From Casetext: Smarter Legal Research

Wolfe v. United States

UNITED STATES DISTRICT COURT FOR THE NORTHERN DISTRICT OF GEORGIA ATLANTA DIVISION
Jul 19, 2017
CRIMINAL NO. 1:15-CR-318-WSD-JSA-1 (N.D. Ga. Jul. 19, 2017)

Opinion

CRIMINAL NO. 1:15-CR-318-WSD-JSA-1 CIVIL ACTION NO. 1:16-CV-4386-WSD-JSA

07-19-2017

DEANTIONNE M. WOLFE, Federal Reg. No. 67142-019, Movant, v. UNITED STATES OF AMERICA, Respondent.


MOTION TO VACATE 28 U.S.C. § 2255 MAGISTRATE JUDGE'S FINAL REPORT AND RECOMMENDATION

Movant Deantionne M. Wolfe has filed the instant motion to vacate pursuant to 28 U.S.C. § 2255. (Doc. 38). Movant seeks to challenge the constitutionality of his sentences, which were imposed on April 20, 2016, following his guilty plea in the Northern District of Georgia.

I. Procedural History

On August 18, 2015, Movant was indicted by a federal grand jury in the Northern District of Georgia and charged with five counts of theft of Government funds in violation of 18 U.S.C. § 641 and five counts of aggravated identity theft in violation of 18 U.S.C. § 1028A. (Doc. 1).

On February 11, 2016, Movant entered a guilty plea, pursuant to a negotiated plea agreement, to one count of theft of Government funds (Count One) and one count of aggravated identity theft (Count Six). (Docs. 27, 36).
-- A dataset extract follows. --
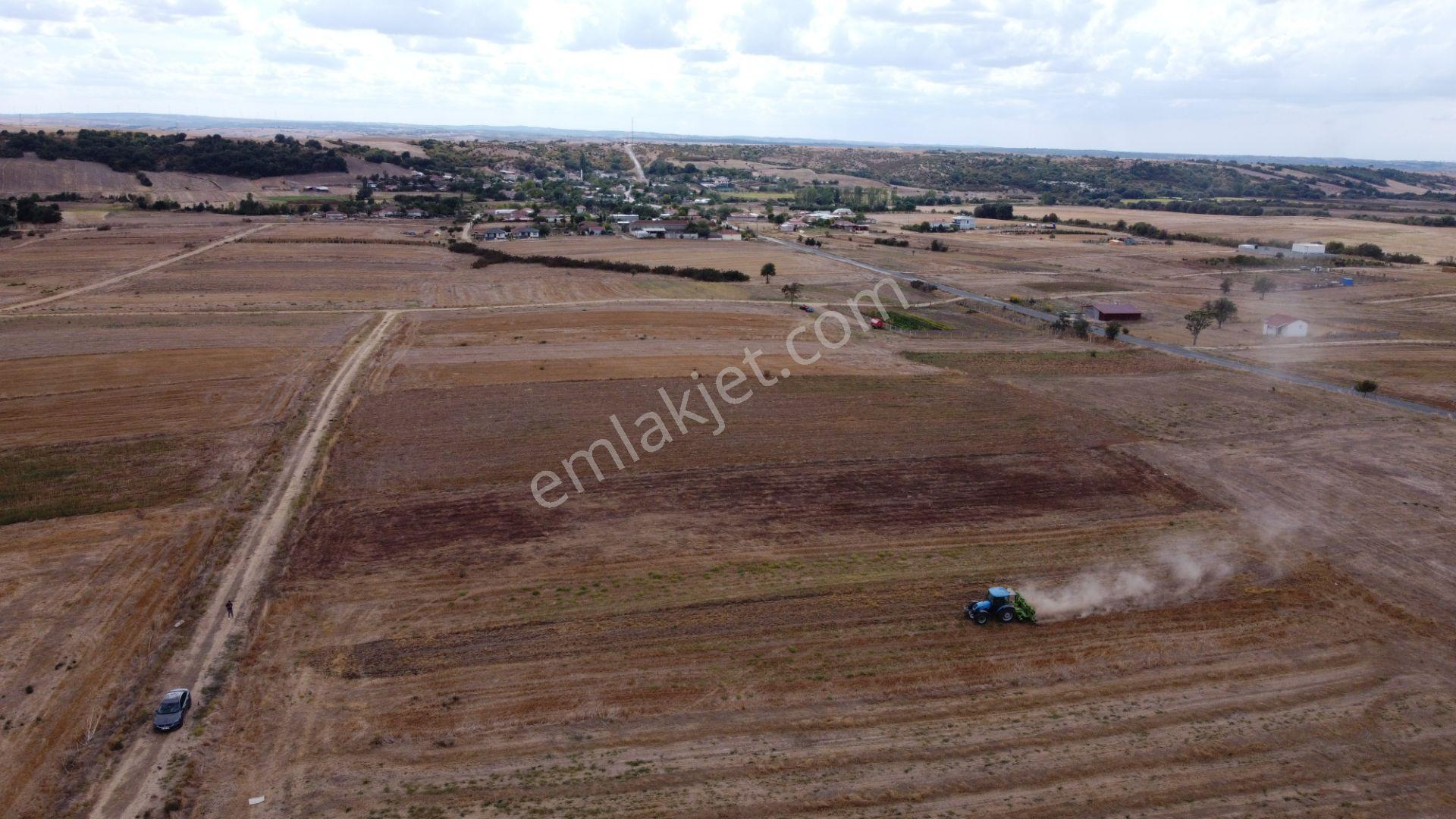 Remaxland'den Edirne Uzunköprü Küçükdanişment Satılık Tarla — fotoğraf 4
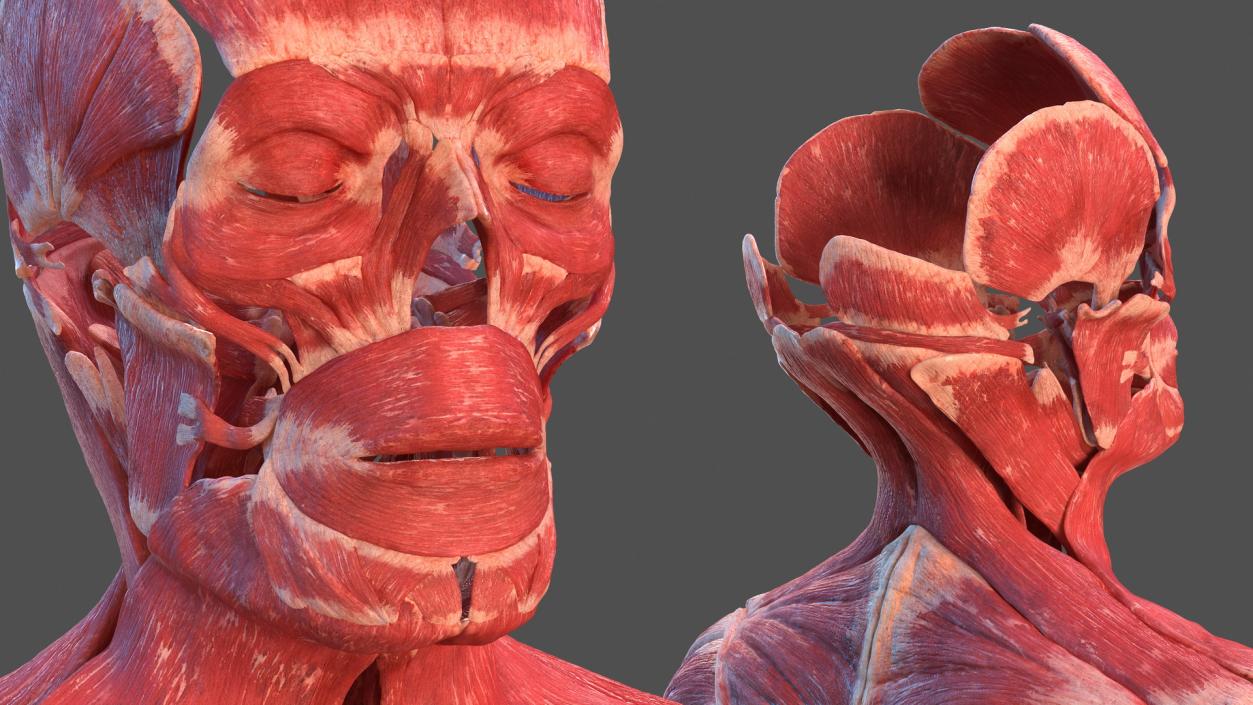 3D Male Skeleton Muscular System and Skin model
The negotiated plea agreement contains a waiver of Movant's appellate and collateral rights (hereinafter "appellate waiver"). (Doc. 27, Attach. 1 at 15, ¶ 30). On April 20, 2016, U.S. District Judge William S. Duffey, Jr. sentenced Movant to a net total of forty-four (44) months of imprisonment to be followed by two years of supervised release, plus restitution. (Docs. 32, 35). Movant did not file a direct appeal.

The remaining charges against Movant were dismissed as part of the Plea Agreement. (Doc. 27, Attach. 1 at 5, ¶ 11).

Specifically, Movant was sentenced to twenty (20) months for the theft of Government funds, a consecutive twenty-four (24) months for the aggravated identity theft, and $361,834.28 in restitution. (Doc. 32; Doc. 35 at 26).

Movant executed the instant § 2255 motion to vacate his sentences in this Court on October 31, 2016, in which he argues that the Court violated his due process rights when it refused to grant him a two-level offense reduction for a mitigating role in the offense under U.S.S.G. § 3B1.2 after failing to recognize Amendment 794 thereto. (Doc. 33). The Government has filed a motion to dismiss the § 2255 motion [Doc. 37], and Movant has filed a reply [Docs. 38, 39].

Although the Clerk has docketed two separate documents as Movant's response in opposition to the Government's motion to dismiss, those documents appear to be identical. (Docs. 38, 39).

II. Standard of Review

Congress enacted § 2255, authorizing convicted criminal defendants to file a motion to correct sentences that violate federal law, with the intention that the statute serve as the primary method of collateral attack on federally-imposed sentences. United States v. Jordan, 915 F.2d 622, 625 (11th Cir. 1990). Pursuant to § 2255, individuals sentenced by a federal court can attack the sentence imposed by claiming one of four different grounds: "(1) that the sentence was imposed in violation of the Constitution or laws of the United States; (2) that the court was without jurisdiction to impose such sentence; (3) that the sentence was in excess of the maximum authorized by law; and (4) that the sentence is otherwise subject to collateral attack." Hill v. United States, 368 U.S. 424, 426-27 (1962) (internal quotation marks and citations omitted); see generally United States v. Hayman, 342 U.S. 205 (1952).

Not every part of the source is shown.